When I was growing up – or at least when I was a young graduate student in a Schankian research lab – we were all focused on understanding: what did it mean, scientifically speaking, for a person to understand something, and could that be recreated on a computer? We all sort of knew it was what we’d call nowadays an ill-posed problem, but we had a good operational definition, or at least an operational counterexample: if a computer read a story and could not answer the questions that a typical human being could answer about that story, it didn’t understand it at all.
But there are at least two ways to define a word. What I’ll call a practical definition is what a semanticist might call the denotation of a word: a narrow definition, one which you might find in a dictionary, which clearly specifies the meaning of the concept, like a bachelor being an unmarried man. What I’ll call a philosophical definition, the connotations of a word, are the vast web of meanings around the core concept, the source of the fine sense of unrightness that one gets from describing Pope Francis as a bachelor, the nuances of meaning embedded in words that Socrates spent his time pulling out of people, before they went and killed him for being annoying.
It’s those connotations of “understanding” that made all us Schankians very leery of saying our computer programs fully “understood” anything, even as we were pursuing computer understanding as our primary research goal. I care a lot about understanding, deep understanding, because, frankly, I cannot effectively do my job of teaching robots to learn if I do not deeply understand robots, learning, computers, the machinery surrounding them, and the problem I want to solve; when I do not understand all of these things, I stumble in the dark, I make mistakes, and end up sad.
And it’s pursuing a deeper understanding about deep learning where I got a deeper insight into deep understanding. I was “deep reading” the Deep Learning book (a practice in which I read, or re-read, a book I’ve read, working out all the equations in advance before reading the derivations), in particular section 5.8.1 on Principal Components Analysis, and the authors made the same comment I’d just seen in the Hands-On Machine Learning book: “the mean of the samples must be zero prior to applying PCA.”
Wait, what? Why? I mean, thank you for telling me, I’ll be sure to do that, but, like … why? I didn’t follow up on that question right away, because the authors also tossed off an offhand comment like, “X⊤X is the unbiased sample covariance matrix associated with a sample x” and I’m like, what the hell, where did that come from? I had recently read the section on variance and covariance but had no idea why this would be associated with the transpose ⊤ of the design matrix X multiplied by X itself. (In case you’re new to machine learning, if x stands for an example input to a problem, say a list of the pixels of an image represented as a column of numbers, then the design matrix X is all the examples you have, but each example listed as a row. Perfectly not confusing? Great!)

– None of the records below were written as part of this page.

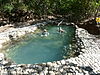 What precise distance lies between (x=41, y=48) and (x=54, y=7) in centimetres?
755

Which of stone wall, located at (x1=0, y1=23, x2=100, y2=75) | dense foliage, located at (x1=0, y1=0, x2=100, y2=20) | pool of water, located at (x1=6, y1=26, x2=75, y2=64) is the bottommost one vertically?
pool of water, located at (x1=6, y1=26, x2=75, y2=64)

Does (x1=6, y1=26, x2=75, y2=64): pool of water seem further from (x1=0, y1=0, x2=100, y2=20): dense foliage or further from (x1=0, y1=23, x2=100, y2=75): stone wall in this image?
(x1=0, y1=0, x2=100, y2=20): dense foliage

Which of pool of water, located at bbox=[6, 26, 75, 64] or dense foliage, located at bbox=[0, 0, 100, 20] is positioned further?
dense foliage, located at bbox=[0, 0, 100, 20]

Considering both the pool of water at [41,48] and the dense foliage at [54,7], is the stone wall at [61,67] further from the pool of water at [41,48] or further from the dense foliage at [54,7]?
the dense foliage at [54,7]

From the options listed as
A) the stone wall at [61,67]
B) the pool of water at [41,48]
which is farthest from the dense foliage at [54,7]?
the stone wall at [61,67]

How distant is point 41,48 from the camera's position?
38.3 feet

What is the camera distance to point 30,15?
1778cm

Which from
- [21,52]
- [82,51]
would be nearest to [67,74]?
[82,51]

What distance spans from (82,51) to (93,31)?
5.11 meters

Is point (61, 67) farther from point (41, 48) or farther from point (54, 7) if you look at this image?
point (54, 7)

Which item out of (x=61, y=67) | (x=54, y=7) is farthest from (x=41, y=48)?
(x=54, y=7)

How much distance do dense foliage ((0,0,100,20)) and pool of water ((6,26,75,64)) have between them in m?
2.59

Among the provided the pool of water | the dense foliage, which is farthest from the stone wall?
the dense foliage

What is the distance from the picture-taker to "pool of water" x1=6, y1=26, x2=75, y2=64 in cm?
1022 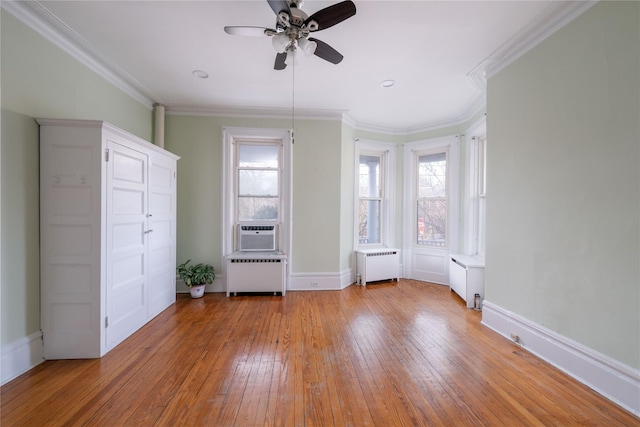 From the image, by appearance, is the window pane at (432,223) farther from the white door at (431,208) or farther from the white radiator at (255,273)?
the white radiator at (255,273)

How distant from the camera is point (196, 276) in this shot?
12.1 ft

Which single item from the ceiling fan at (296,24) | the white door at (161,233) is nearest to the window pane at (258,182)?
the white door at (161,233)

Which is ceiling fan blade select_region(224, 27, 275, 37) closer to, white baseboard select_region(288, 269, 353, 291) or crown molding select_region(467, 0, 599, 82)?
crown molding select_region(467, 0, 599, 82)

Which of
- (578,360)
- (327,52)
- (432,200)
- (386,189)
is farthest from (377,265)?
(327,52)

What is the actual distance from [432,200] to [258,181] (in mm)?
3101

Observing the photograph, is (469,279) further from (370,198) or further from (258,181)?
(258,181)

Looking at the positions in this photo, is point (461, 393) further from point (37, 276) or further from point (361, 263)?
point (37, 276)

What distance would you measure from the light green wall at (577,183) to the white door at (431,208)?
1772 millimetres

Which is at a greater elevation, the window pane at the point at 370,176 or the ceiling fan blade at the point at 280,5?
the ceiling fan blade at the point at 280,5

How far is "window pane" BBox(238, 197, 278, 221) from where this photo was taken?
4145 millimetres

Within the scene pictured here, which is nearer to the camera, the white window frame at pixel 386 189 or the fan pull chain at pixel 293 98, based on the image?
the fan pull chain at pixel 293 98

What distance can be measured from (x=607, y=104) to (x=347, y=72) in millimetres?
2192

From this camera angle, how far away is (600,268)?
5.86 ft

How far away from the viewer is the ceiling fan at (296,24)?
1683 millimetres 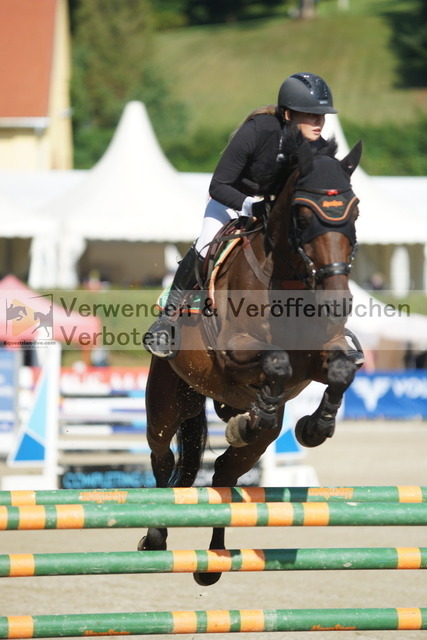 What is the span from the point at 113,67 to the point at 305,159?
157 feet

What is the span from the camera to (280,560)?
3.82m

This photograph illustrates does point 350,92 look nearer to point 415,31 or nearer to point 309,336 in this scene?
point 415,31

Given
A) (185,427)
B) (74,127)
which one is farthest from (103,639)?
(74,127)

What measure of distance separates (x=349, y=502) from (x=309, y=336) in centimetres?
74

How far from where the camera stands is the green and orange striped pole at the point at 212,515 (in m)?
3.62

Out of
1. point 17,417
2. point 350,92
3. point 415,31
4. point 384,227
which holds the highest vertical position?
point 415,31

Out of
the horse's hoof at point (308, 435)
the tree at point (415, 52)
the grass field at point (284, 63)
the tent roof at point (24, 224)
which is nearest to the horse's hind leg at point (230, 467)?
the horse's hoof at point (308, 435)

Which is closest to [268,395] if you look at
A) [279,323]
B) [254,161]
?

So, since I didn’t understand why Var[x] = X⊤X, I set out to prove it myself. (Carpenters say, measure twice, cut once, but they’d better have a heck of a lot of measuring and cutting under their belts – moreso, they’d better know when to cut and measure before they start working on your back porch, or you and they will have a bad time. Same with trying to teach robots to learn: it’s more than just practice; if you don’t know why something works, it will come back to bite you, sooner or later, so, dig in until you get it). And I quickly found that the “covariance matrix of a variable x” was a thing, and quickly started to intuit that the matrix multiplication would produce it.
This is what I’d call surface level understanding: going forward from the definitions to obvious conclusions. I knew the definition of matrix multiplication, and I’d just re-read the definition of covariance matrices, so I could see these would fit together. But as I dug into the problem, it struck me: true understanding is more than just going forward from what you know: “The brain does much more than just recollect; it inter-compares, it synthesizes, it analyzes, it generates abstractions” – thank you, Carl Sagan. But this kind of understanding is a vast, ill-posed problem – meaning, a problem without a unique and unambiguous solution.

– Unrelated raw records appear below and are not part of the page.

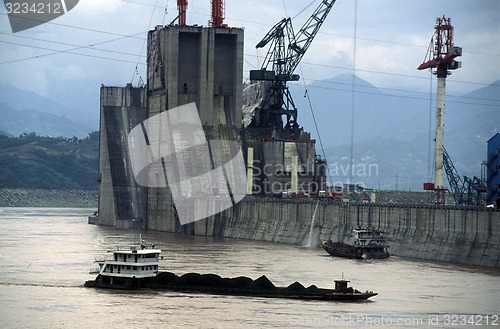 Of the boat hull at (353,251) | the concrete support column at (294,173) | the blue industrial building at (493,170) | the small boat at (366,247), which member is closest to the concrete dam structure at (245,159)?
the concrete support column at (294,173)

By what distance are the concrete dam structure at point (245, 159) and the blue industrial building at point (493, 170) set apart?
9721 millimetres

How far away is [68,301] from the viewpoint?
204 feet

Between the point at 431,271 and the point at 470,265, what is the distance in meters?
4.67

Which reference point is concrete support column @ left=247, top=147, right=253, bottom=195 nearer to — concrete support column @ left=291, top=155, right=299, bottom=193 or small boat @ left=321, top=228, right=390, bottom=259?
concrete support column @ left=291, top=155, right=299, bottom=193

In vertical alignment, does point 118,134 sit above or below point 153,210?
above

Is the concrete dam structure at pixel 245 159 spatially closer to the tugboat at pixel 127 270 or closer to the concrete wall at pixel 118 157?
the concrete wall at pixel 118 157

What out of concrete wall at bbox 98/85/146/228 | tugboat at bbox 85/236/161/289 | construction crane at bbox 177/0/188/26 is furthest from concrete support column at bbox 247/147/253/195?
tugboat at bbox 85/236/161/289

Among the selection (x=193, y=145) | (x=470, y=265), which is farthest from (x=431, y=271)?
(x=193, y=145)

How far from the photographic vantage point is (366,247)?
3686 inches

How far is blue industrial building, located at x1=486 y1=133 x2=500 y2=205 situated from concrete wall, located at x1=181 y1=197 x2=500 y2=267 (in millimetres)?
9699

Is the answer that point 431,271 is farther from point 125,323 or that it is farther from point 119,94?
point 119,94

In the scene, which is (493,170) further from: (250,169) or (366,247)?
(250,169)

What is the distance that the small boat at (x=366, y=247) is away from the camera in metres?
93.3

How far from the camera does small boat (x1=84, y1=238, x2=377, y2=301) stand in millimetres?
64125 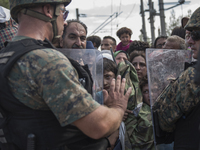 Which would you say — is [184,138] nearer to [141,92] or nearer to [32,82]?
[141,92]

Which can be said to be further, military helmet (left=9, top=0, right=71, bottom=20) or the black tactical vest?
military helmet (left=9, top=0, right=71, bottom=20)

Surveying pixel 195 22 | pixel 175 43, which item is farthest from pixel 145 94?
pixel 195 22

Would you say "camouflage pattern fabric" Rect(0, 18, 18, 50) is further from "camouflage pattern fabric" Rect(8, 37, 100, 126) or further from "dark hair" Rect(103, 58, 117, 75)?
"camouflage pattern fabric" Rect(8, 37, 100, 126)

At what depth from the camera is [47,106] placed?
1.34 m

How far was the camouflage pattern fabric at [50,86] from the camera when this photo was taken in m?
1.22

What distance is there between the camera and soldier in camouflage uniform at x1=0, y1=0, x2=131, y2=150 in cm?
123

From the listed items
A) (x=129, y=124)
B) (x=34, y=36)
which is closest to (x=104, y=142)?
(x=34, y=36)

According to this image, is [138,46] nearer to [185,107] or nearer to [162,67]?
[162,67]

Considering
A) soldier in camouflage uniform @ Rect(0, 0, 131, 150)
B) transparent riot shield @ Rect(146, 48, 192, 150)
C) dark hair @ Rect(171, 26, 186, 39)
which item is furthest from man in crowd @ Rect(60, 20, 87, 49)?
dark hair @ Rect(171, 26, 186, 39)

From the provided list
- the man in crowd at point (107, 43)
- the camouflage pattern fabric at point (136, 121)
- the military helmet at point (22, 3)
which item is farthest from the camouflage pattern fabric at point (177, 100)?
the man in crowd at point (107, 43)

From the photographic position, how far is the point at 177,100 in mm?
1759

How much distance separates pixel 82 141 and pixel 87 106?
1.18 feet

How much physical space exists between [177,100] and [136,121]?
3.11ft

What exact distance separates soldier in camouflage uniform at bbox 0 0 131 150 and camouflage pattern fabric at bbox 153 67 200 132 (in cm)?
61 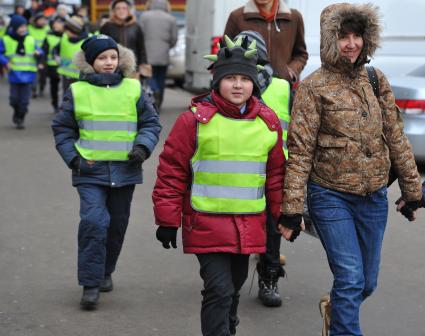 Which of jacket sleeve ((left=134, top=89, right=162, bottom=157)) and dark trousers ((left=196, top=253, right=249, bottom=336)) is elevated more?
jacket sleeve ((left=134, top=89, right=162, bottom=157))

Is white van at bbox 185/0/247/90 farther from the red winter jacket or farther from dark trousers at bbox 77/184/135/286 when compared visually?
the red winter jacket

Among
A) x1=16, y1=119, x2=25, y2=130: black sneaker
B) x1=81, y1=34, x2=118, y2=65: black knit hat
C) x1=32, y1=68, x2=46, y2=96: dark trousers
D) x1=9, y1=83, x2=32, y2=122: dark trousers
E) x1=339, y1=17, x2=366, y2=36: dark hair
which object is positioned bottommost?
x1=32, y1=68, x2=46, y2=96: dark trousers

But as I was continuing to dig through the problem, reading through the sections I’d just read on “sample estimators,” I had a revelation. (Another aside: “sample estimators” use the data you have to predict data you don’t, like estimating the height of males in North America from a random sample of guys across the country; “unbiased estimators” may be wrong but their errors are grouped around the true value). The formula for the unbiased sample estimator for the variance actually doesn’t look quite the matrix transpose – but it depends on the unbiased estimator of sample mean.
Suddenly, I felt that I understood why PCA data had to have a mean of 0. Not driving forward from known facts and connecting their inevitable conclusions, but driving backwards from known facts to hypothesize a connection which I could explore and see. I even briefly wrote a draft of the ideas behind this essay – then set out to prove what I thought I’d seen. Setting the mean of the samples to zero made the sample mean drop out of sample variance – and then the matrix multiplication formula dropped out. Then I knew I understood why PCA data had to have a mean of 0 – or how to rework PCA to deal with data which had a nonzero mean.

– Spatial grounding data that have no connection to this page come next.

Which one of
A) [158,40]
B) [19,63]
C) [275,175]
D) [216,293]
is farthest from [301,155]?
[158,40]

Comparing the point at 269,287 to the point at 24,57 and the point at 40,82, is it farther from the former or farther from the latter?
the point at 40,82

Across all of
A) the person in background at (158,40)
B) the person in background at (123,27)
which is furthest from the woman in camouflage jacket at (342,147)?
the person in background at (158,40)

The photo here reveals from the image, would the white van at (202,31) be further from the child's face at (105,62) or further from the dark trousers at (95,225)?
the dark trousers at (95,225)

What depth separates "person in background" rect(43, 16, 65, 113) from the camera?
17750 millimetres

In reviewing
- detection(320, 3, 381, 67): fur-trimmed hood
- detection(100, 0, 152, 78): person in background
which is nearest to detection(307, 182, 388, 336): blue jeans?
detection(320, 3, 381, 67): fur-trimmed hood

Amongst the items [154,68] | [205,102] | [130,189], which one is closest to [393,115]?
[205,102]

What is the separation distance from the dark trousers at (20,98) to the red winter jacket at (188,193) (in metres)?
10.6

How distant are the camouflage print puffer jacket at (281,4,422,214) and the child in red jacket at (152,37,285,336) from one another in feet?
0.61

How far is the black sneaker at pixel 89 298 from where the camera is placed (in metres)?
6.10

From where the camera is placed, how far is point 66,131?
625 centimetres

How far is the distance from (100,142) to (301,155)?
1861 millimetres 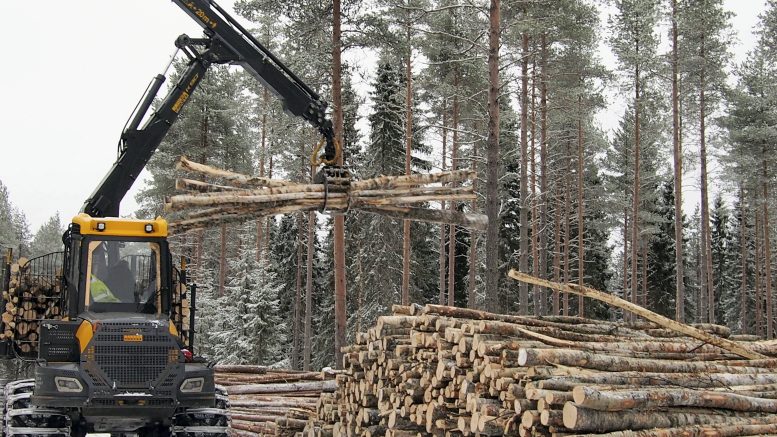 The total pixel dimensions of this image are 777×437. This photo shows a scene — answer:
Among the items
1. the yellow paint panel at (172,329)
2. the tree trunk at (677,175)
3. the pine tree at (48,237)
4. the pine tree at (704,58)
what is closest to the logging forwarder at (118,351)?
the yellow paint panel at (172,329)

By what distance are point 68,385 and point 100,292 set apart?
131 centimetres

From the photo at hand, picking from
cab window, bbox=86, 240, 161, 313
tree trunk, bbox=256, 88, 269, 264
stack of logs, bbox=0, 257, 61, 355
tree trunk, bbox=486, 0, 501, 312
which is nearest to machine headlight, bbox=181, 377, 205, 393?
cab window, bbox=86, 240, 161, 313

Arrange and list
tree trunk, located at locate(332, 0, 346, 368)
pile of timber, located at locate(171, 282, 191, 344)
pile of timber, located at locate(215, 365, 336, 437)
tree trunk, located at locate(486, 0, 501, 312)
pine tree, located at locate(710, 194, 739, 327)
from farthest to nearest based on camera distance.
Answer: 1. pine tree, located at locate(710, 194, 739, 327)
2. tree trunk, located at locate(332, 0, 346, 368)
3. tree trunk, located at locate(486, 0, 501, 312)
4. pile of timber, located at locate(215, 365, 336, 437)
5. pile of timber, located at locate(171, 282, 191, 344)

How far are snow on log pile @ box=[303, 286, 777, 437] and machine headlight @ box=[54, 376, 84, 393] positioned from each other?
3279 mm

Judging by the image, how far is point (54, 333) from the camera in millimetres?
9578

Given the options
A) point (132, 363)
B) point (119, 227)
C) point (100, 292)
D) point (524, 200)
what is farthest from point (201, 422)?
point (524, 200)

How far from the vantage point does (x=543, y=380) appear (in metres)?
6.90

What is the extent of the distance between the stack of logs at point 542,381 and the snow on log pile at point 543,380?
0.01 metres

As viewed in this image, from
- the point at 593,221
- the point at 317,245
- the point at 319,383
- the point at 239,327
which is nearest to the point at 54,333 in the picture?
the point at 319,383

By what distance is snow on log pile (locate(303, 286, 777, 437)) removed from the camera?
6.48 metres

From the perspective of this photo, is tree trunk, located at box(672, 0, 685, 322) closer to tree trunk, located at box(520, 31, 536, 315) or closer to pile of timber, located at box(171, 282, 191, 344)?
tree trunk, located at box(520, 31, 536, 315)

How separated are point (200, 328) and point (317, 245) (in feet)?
23.0

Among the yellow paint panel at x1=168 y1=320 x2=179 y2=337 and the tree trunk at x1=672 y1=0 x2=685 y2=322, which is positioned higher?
the tree trunk at x1=672 y1=0 x2=685 y2=322

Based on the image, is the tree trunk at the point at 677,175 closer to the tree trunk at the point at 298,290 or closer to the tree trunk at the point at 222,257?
the tree trunk at the point at 298,290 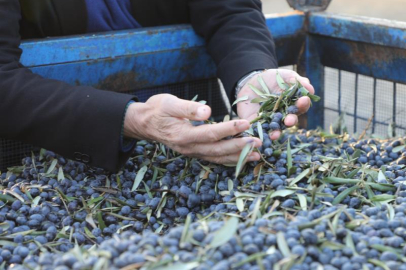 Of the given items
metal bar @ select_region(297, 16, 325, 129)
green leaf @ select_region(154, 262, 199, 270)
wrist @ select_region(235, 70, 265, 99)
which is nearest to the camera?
green leaf @ select_region(154, 262, 199, 270)

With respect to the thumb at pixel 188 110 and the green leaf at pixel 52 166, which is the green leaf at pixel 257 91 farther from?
the green leaf at pixel 52 166

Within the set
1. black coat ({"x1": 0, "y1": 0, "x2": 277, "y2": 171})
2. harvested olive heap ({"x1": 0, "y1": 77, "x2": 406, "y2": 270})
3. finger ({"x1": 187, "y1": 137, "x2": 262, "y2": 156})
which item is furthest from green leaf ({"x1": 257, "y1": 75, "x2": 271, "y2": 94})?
finger ({"x1": 187, "y1": 137, "x2": 262, "y2": 156})

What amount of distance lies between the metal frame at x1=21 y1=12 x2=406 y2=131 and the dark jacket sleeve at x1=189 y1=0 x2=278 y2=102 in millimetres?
92

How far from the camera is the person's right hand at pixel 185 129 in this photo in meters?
1.52

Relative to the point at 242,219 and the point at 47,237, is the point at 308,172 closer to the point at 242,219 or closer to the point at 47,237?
the point at 242,219

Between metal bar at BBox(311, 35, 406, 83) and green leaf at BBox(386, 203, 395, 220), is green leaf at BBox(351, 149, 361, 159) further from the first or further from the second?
metal bar at BBox(311, 35, 406, 83)

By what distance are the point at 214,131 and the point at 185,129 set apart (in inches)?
3.7

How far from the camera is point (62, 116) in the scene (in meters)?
1.71

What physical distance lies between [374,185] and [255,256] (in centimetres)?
60

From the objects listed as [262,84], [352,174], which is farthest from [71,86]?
[352,174]

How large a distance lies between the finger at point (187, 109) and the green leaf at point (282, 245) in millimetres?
457

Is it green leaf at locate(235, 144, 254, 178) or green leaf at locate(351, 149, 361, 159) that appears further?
green leaf at locate(351, 149, 361, 159)

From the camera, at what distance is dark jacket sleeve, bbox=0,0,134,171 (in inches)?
65.9

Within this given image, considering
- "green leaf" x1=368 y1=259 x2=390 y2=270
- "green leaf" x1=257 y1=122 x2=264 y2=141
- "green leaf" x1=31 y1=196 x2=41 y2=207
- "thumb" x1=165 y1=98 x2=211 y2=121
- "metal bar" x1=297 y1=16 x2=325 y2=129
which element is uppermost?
"thumb" x1=165 y1=98 x2=211 y2=121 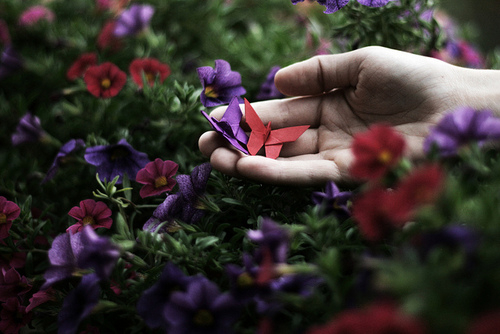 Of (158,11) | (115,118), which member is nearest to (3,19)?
(158,11)

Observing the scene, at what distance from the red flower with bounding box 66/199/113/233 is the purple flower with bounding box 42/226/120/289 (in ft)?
0.45

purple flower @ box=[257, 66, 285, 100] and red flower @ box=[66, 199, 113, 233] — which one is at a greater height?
purple flower @ box=[257, 66, 285, 100]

This I’d call deep understanding: reasoning backwards from what we know to provide reasons for why things are the way they are. A recent book on science I read said that some regularities, like the length of the day, may be predictive, but other regularities, like the tides, cry out for explanation. And once you understand Newton’s laws of motion and gravitation, the mystery of the tides is readily solved – the answer falls out of inertia, angular momentum, and gravitational gradients. With apologies to Larry Niven, of course a species that understands gravity will be able to predict tides.
The brain does do more than just remember and predict to guide our next actions: it builds structures that help us understand the world on a deeper level, teasing out rules and regularities that help us not just plan, but strategize. Detective Benoit Blanc from the movie Knives Out claimed to “anticipate the terminus of gravity’s rainbow” to help him solve crimes; realizing how gravity makes projectiles arc, using that to understand why the trajectory must be the observed parabola, and strolling to the target.
So I’d argue that true understanding is not just forward-deriving inferences from known rules, but also backward-deriving causes that can explain behavior. And this means computing the inverse of whatever forward prediction matrix you have, which is a more difficult and challenging problem, because that matrix may have a well-defined inverse. So true understanding is indeed a deep and interesting problem!
But, even if we teach our computers to understand this way … I suspect that this won’t exhaust what we need to understand about understanding. For example: the dictionary definitions I’ve looked up don’t mention it, but the idea of seeking a root cause seems embedded in the word “under – standing” itself … which makes me suspect that the other half of the word, standing, itself might hint at the stability, the reliability of the inferences we need to be able to make to truly understand anything.
I don’t think we’ve reached that level of understanding of understanding yet.
Pictured: Me working on a problem in a bookstore. Probably not this one.